━━ RAW DATA
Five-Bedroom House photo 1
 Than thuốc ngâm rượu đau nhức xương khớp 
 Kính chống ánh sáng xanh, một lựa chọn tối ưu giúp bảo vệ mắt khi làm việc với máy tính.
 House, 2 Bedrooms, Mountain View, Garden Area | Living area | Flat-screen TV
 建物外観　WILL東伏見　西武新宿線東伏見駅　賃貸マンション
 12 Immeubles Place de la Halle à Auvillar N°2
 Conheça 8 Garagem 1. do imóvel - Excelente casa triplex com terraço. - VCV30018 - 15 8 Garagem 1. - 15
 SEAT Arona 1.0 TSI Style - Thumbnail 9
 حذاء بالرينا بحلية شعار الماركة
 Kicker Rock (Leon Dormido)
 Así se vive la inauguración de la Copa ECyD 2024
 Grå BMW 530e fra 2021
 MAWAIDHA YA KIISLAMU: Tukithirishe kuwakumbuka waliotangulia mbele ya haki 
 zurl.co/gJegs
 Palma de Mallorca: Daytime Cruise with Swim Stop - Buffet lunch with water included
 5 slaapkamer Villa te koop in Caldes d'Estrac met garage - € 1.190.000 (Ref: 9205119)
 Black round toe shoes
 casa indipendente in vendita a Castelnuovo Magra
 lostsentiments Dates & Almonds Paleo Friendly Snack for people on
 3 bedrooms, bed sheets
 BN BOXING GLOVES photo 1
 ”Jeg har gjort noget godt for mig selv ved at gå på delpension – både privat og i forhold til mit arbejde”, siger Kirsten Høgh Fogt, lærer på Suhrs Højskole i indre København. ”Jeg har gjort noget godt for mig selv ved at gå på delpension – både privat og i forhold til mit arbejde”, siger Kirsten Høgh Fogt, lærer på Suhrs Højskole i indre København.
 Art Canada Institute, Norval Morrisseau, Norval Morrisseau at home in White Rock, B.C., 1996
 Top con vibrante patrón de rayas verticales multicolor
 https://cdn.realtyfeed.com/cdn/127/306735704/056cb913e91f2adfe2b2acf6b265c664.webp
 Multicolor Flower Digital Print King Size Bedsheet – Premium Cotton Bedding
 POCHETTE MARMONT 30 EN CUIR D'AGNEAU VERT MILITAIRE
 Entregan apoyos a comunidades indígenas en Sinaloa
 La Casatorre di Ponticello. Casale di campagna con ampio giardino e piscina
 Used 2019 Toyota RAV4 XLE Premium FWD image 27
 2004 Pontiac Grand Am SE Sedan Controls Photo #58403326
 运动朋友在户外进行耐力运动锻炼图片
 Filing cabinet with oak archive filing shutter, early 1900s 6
━━━━
- [WHAT YOU HAVE TO DO] Repeat the listing above exactly, keeping every word as it stands.

- [TASK ANSWER]
Five-Bedroom House photo 1
 Than thuốc ngâm rượu đau nhức xương khớp 
 Kính chống ánh sáng xanh, một lựa chọn tối ưu giúp bảo vệ mắt khi làm việc với máy tính.
 House, 2 Bedrooms, Mountain View, Garden Area | Living area | Flat-screen TV
 建物外観　WILL東伏見　西武新宿線東伏見駅　賃貸マンション
 12 Immeubles Place de la Halle à Auvillar N°2
 Conheça 8 Garagem 1. do imóvel - Excelente casa triplex com terraço. - VCV30018 - 15 8 Garagem 1. - 15
 SEAT Arona 1.0 TSI Style - Thumbnail 9
 حذاء بالرينا بحلية شعار الماركة
 Kicker Rock (Leon Dormido)
 Así se vive la inauguración de la Copa ECyD 2024
 Grå BMW 530e fra 2021
 MAWAIDHA YA KIISLAMU: Tukithirishe kuwakumbuka waliotangulia mbele ya haki 
 zurl.co/gJegs
 Palma de Mallorca: Daytime Cruise with Swim Stop - Buffet lunch with water included
 5 slaapkamer Villa te koop in Caldes d'Estrac met garage - € 1.190.000 (Ref: 9205119)
 Black round toe shoes
 casa indipendente in vendita a Castelnuovo Magra
 lostsentiments Dates & Almonds Paleo Friendly Snack for people on
 3 bedrooms, bed sheets
 BN BOXING GLOVES photo 1
 ”Jeg har gjort noget godt for mig selv ved at gå på delpension – både privat og i forhold til mit arbejde”, siger Kirsten Høgh Fogt, lærer på Suhrs Højskole i indre København. ”Jeg har gjort noget godt for mig selv ved at gå på delpension – både privat og i forhold til mit arbejde”, siger Kirsten Høgh Fogt, lærer på Suhrs Højskole i indre København.
 Art Canada Institute, Norval Morrisseau, Norval Morrisseau at home in White Rock, B.C., 1996
 Top con vibrante patrón de rayas verticales multicolor
 https://cdn.realtyfeed.com/cdn/127/306735704/056cb913e91f2adfe2b2acf6b265c664.webp
 Multicolor Flower Digital Print King Size Bedsheet – Premium Cotton Bedding
 POCHETTE MARMONT 30 EN CUIR D'AGNEAU VERT MILITAIRE
 Entregan apoyos a comunidades indígenas en Sinaloa
 La Casatorre di Ponticello. Casale di campagna con ampio giardino e piscina
 Used 2019 Toyota RAV4 XLE Premium FWD image 27
 2004 Pontiac Grand Am SE Sedan Controls Photo #58403326
 运动朋友在户外进行耐力运动锻炼图片
 Filing cabinet with oak archive filing shutter, early 1900s 6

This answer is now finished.